## EXERCISE DETAILS
Please repeat exactly the lines below from the line with "Now we're going" to the line with "In this tutorial", including both, and leave out every picture.
EXTRACTED MATERIAL section start
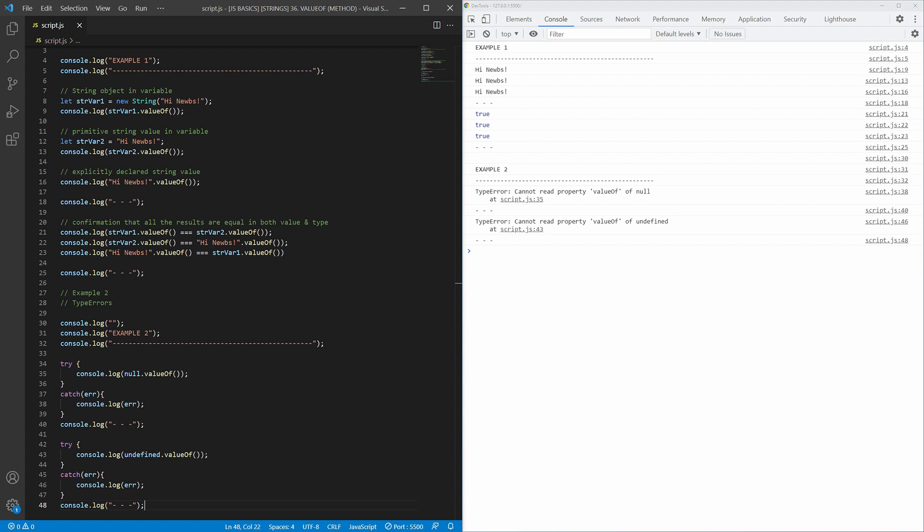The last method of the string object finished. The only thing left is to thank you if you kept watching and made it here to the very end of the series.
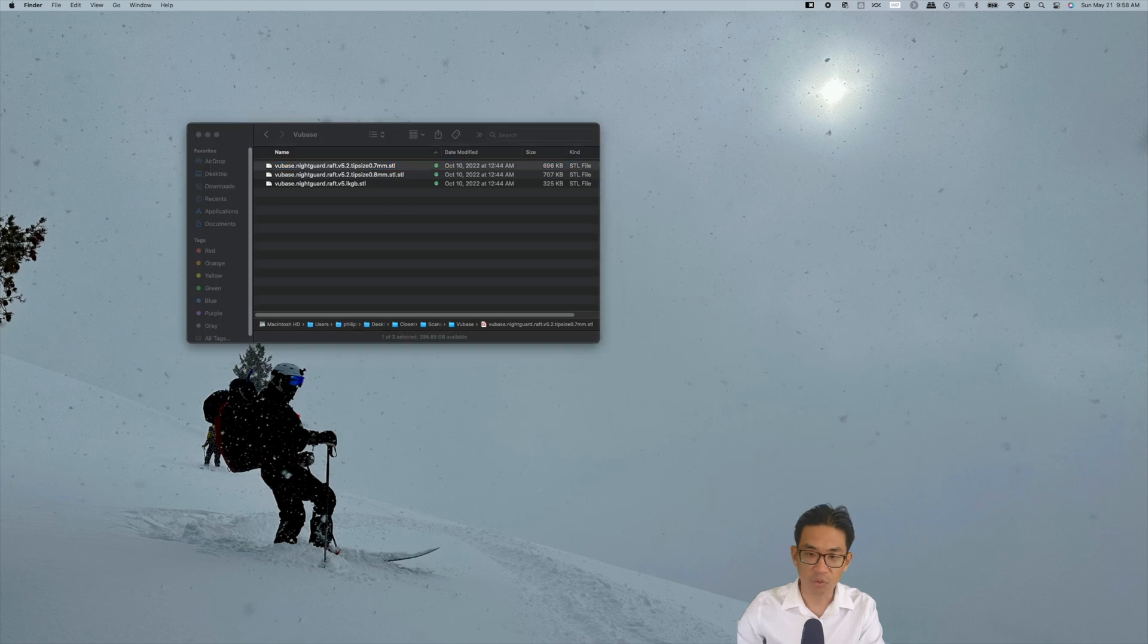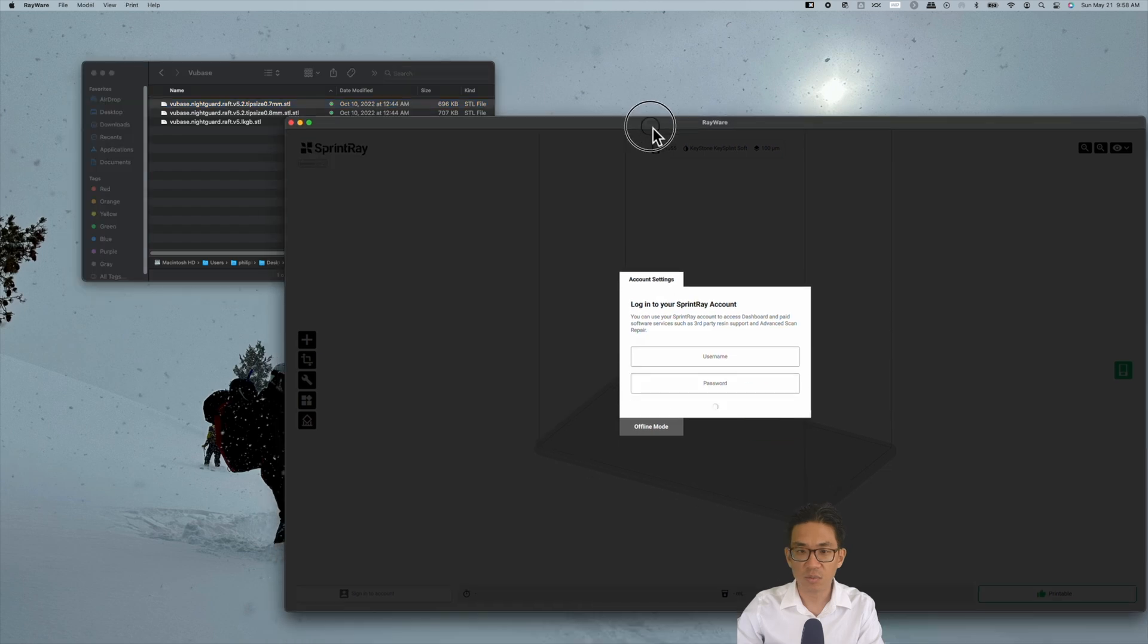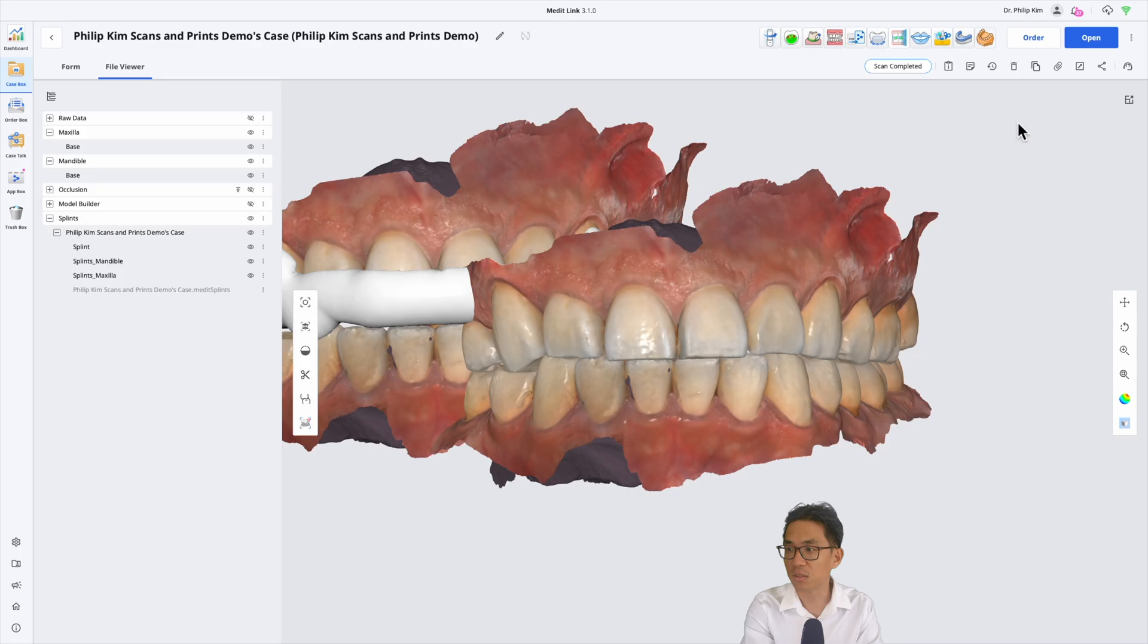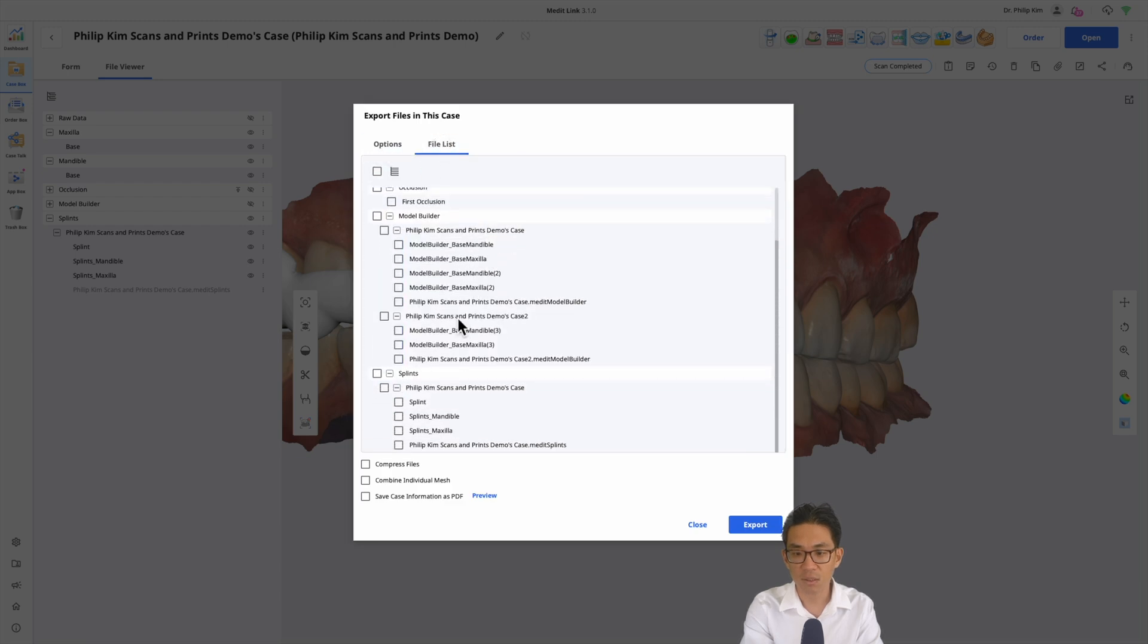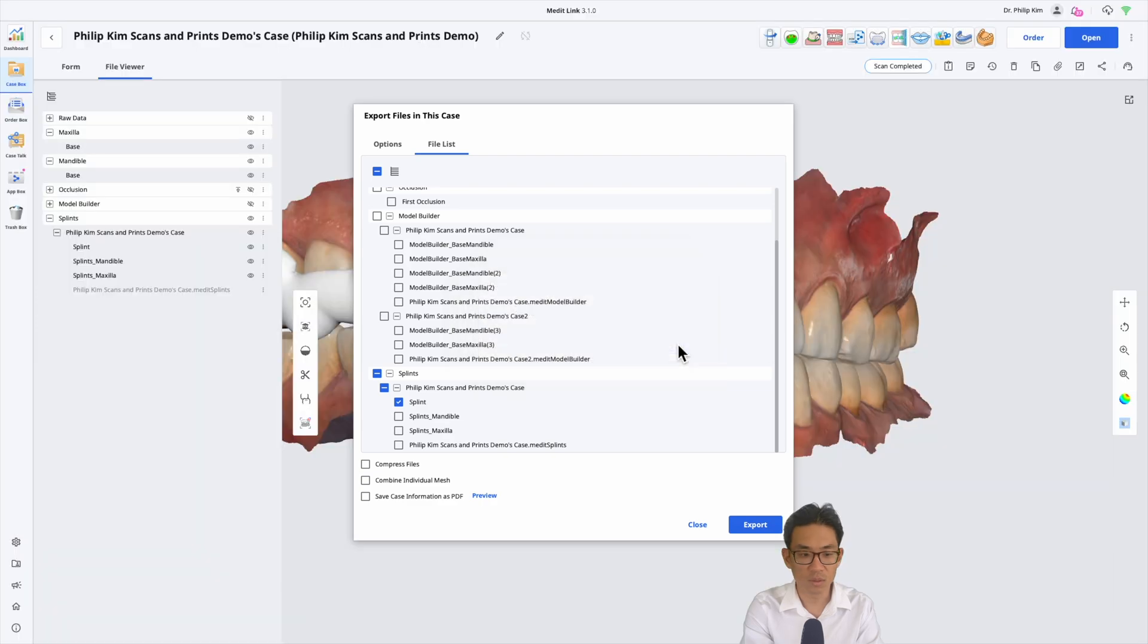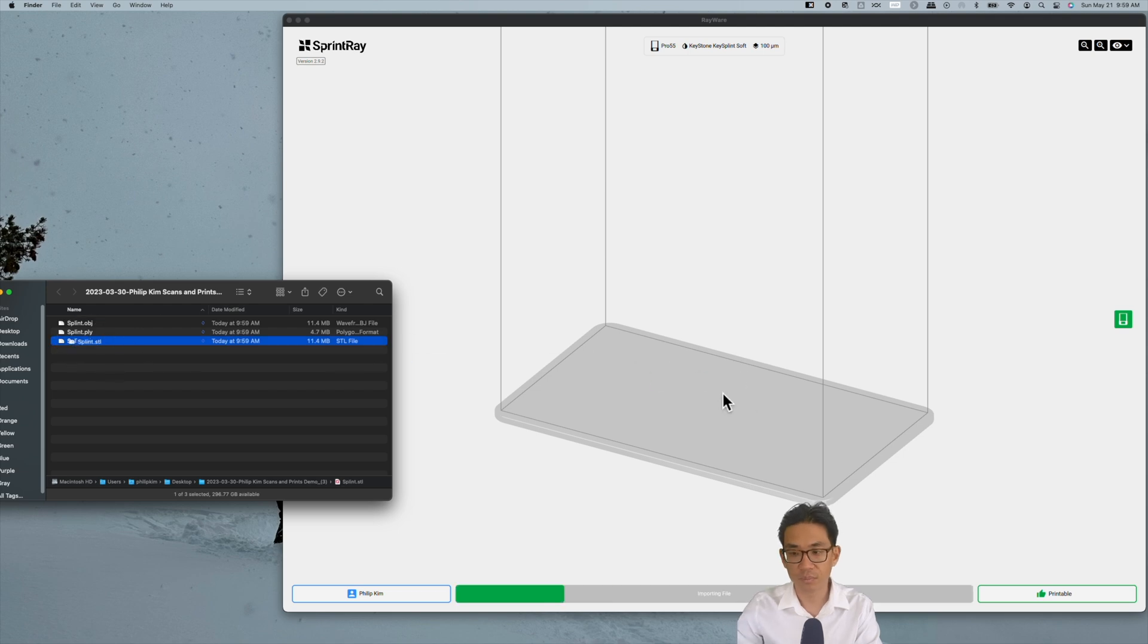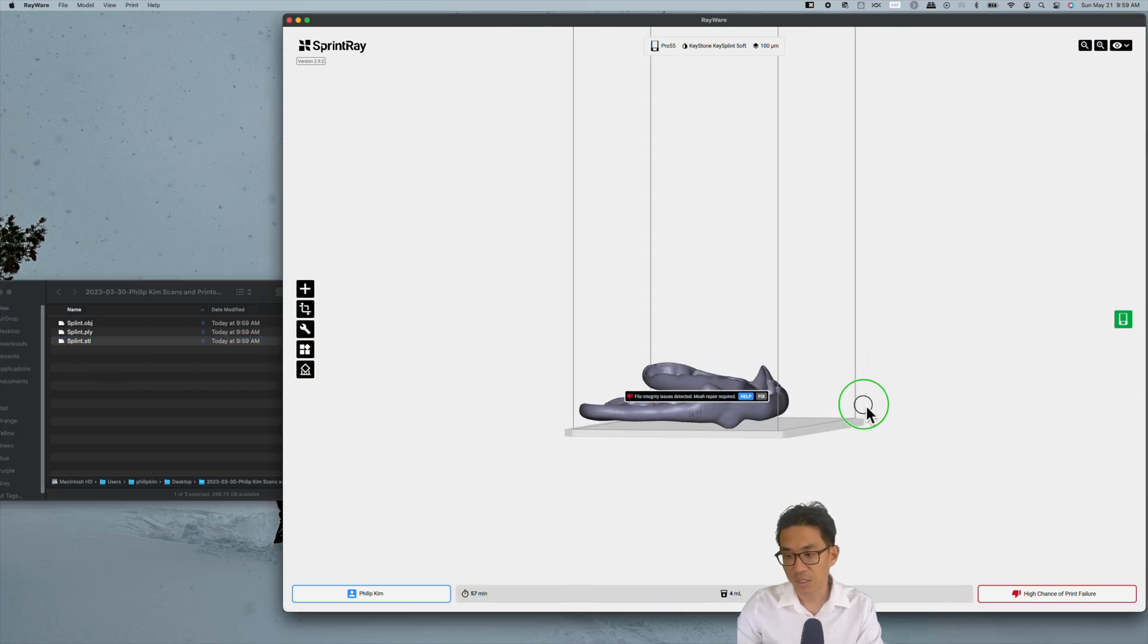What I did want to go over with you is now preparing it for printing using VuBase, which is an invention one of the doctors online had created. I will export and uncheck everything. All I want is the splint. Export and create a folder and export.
EXTRACTED MATERIAL section end
EXTRACTED MATERIAL section start
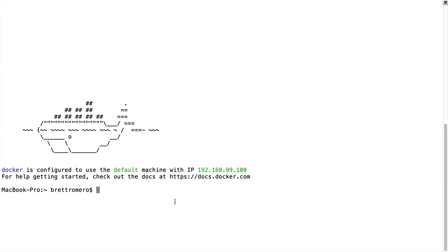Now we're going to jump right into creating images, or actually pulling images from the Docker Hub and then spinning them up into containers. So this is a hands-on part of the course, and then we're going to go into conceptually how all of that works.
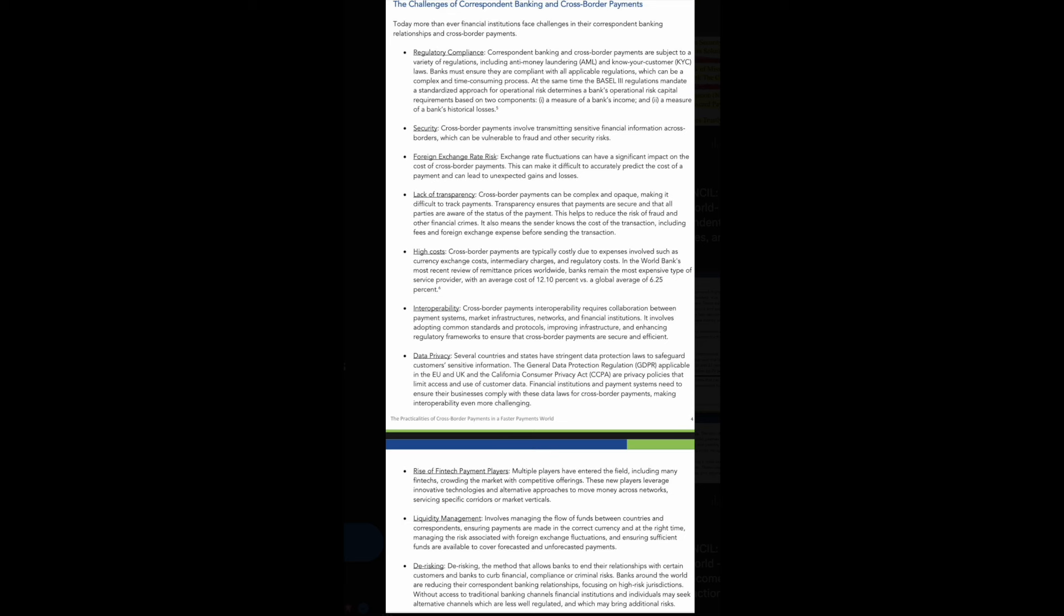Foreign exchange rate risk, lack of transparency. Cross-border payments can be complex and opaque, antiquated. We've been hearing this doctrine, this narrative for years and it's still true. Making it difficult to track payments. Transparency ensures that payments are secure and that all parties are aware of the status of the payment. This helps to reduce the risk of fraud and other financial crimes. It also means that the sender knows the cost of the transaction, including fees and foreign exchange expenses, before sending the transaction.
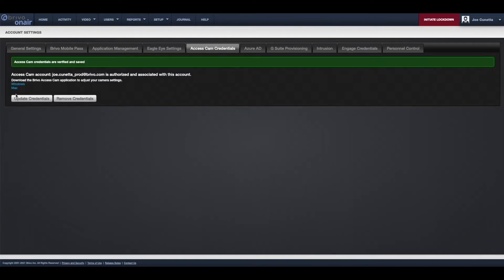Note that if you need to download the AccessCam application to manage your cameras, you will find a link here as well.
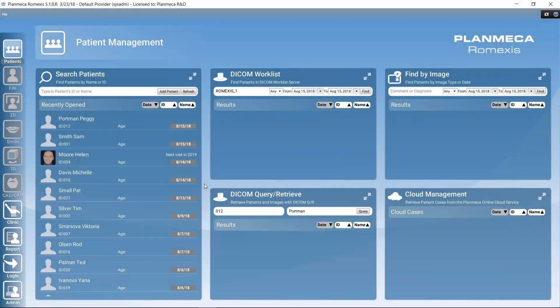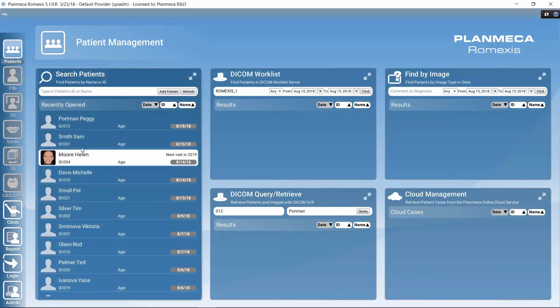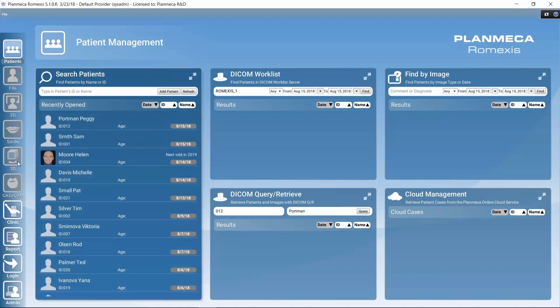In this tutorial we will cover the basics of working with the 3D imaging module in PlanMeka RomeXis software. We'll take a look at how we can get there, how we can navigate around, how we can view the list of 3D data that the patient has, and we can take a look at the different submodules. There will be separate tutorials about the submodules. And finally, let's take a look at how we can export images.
EXTRACTED MATERIAL section end
## ANSWER SECTION
Now we're going to jump right into creating images, or actually pulling images from the Docker Hub and then spinning them up into containers. So this is a hands-on part of the course, and then we're going to go into conceptually how all of that works.
Foreign exchange rate risk, lack of transparency. Cross-border payments can be complex and opaque, antiquated. We've been hearing this doctrine, this narrative for years and it's still true. Making it difficult to track payments. Transparency ensures that payments are secure and that all parties are aware of the status of the payment. This helps to reduce the risk of fraud and other financial crimes. It also means that the sender knows the cost of the transaction, including fees and foreign exchange expenses, before sending the transaction.
Note that if you need to download the AccessCam application to manage your cameras, you will find a link here as well.
In this tutorial we will cover the basics of working with the 3D imaging module in PlanMeka RomeXis software. We'll take a look at how we can get there, how we can navigate around, how we can view the list of 3D data that the patient has, and we can take a look at the different submodules. There will be separate tutorials about the submodules. And finally, let's take a look at how we can export images.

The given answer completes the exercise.